WORK ITEM: Would you return, word for word, the lines of the data below from the line with "This question is" through the line with "Hi, this is", and no others?

SUPPLIED ENTRIES:

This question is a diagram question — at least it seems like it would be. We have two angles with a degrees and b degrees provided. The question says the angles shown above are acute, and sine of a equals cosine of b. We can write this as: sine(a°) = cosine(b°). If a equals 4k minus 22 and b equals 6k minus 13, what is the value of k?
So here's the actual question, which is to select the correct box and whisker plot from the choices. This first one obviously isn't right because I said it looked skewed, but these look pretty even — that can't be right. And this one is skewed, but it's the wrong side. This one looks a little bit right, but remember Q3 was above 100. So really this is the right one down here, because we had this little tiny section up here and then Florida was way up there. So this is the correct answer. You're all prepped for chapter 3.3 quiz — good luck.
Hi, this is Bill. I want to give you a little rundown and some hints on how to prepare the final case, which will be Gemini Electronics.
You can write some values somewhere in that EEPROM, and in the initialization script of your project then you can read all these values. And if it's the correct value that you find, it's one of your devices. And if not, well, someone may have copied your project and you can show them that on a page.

* * *

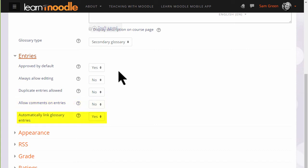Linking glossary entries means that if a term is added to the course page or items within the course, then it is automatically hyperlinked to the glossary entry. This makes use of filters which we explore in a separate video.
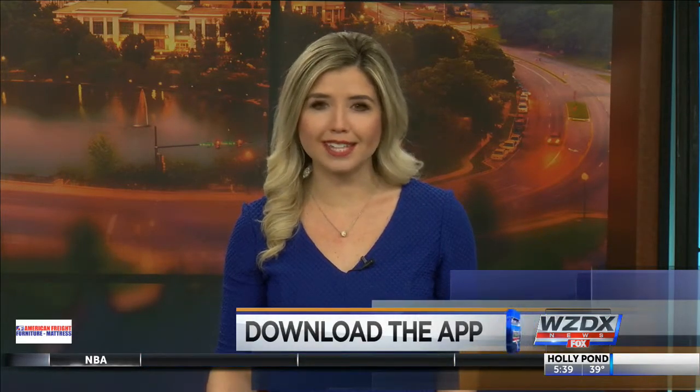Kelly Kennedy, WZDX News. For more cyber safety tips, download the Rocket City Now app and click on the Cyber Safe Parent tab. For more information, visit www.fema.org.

OUTPUT FOR THIS TASK:
This question is a diagram question — at least it seems like it would be. We have two angles with a degrees and b degrees provided. The question says the angles shown above are acute, and sine of a equals cosine of b. We can write this as: sine(a°) = cosine(b°). If a equals 4k minus 22 and b equals 6k minus 13, what is the value of k?
So here's the actual question, which is to select the correct box and whisker plot from the choices. This first one obviously isn't right because I said it looked skewed, but these look pretty even — that can't be right. And this one is skewed, but it's the wrong side. This one looks a little bit right, but remember Q3 was above 100. So really this is the right one down here, because we had this little tiny section up here and then Florida was way up there. So this is the correct answer. You're all prepped for chapter 3.3 quiz — good luck.
Hi, this is Bill. I want to give you a little rundown and some hints on how to prepare the final case, which will be Gemini Electronics.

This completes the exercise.